As far as the post itself, I’ve put in paragraph breaks, and added formatting that FB doesn’t have.  I also added a paragraph towards the end that I had in my comments section.  This is the post that inspired this blog, so I thought it was a good place to start.  So, here it is…

Righteous anger: that which comes from experiencing and watching others experience injustice and abuse. Where does mine come from, and why do I refuse to let it go?

My righteous anger towards homophobes comes from watching men I love being attacked–physically, emotionally, and verbally. It comes from the stories told by men I love. The stories of being beaten by groups of straight guys. Stories of being robbed and shot in the head outside a gay bookstore. That night, several other men died. The man I love was left with pellets in his head from the shotgun used to shoot him. I’ve felt them with my own hand. Stories of nasty words like “faggot” being thrown at them by the parents of their friends. To think that’s the least of the abuse.

My righteous anger about gay marriage and adoption rights comes from missing my brother’s wedding. It was in Montreal, because he couldn’t marry the man he loves in the U.S. It comes from seeing someone important to me leaving this state, partly because she can’t adopt her son in Arizona.

My righteous anger about sexual assault and abuse comes from my stories and those of so many women I love. Stories of a man I knew in my bed when I was 13. My body shaking so hard. I’ve never felt so out of control. Him making fun of me because of it. Locking my door every night after that whenever I knew he was in the house, and him having the fucking nerve to knock. The same guy using physical violence to try to intimidate another friend when she said she would no longer have sex with him.

It’s the story of my best friend, at the age of 14, walking home from school. Being raped, beaten and left for dead. She took me to that place one day. She’s long dead, but that memory still lives with me. Her attacker stalked her for weeks after finding out she survived, and the cops refused to help. Her stepfather had to track him down.

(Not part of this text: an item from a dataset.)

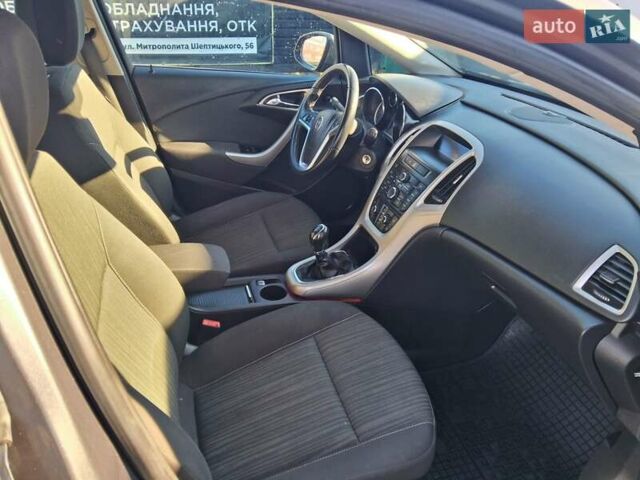 Серый Опель Астра, объемом двигателя 1.6 л и пробегом 176 тыс. км за 7200 $, фото 16 на Automoto.ua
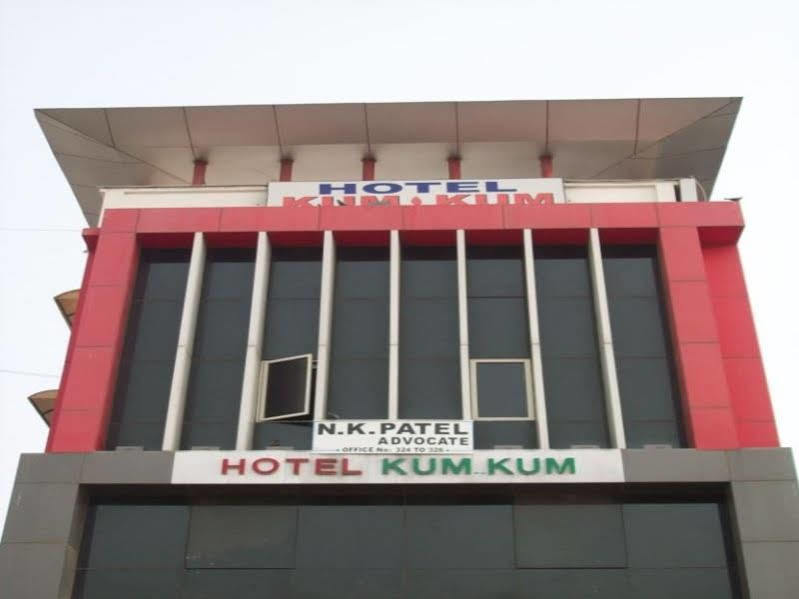 Hotel Kum Kum Adalaj Екстер'єр фото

It comes from the story one of my friends from my teen years in group therapy. At the age of 15, she was gang-raped by five guys. No one ever punished for it, except her. Years of drug use, unhappiness, feeling at a loss. Children given birth to, but given up because she could not be a proper mother.  And she knew it.

It’s from the story of someone else I love being coerced into sex with an adult, because he threatened to rape someone she loved if she did not. She complied, and he raped her loved one anyway.

It’s from the story of an older woman I only met a couple of times.  She was beaten by her husband for years.  One of his favorite ways to torment her was to demand oral sex.  While she performed, he would stick pencils or toothbrushes into her ears.  If she didn’t do it “right”, he would jab them into her ears.  Yes, she had permanent damage from that.

That’s where righteous anger comes from. And that’s why it is righteous.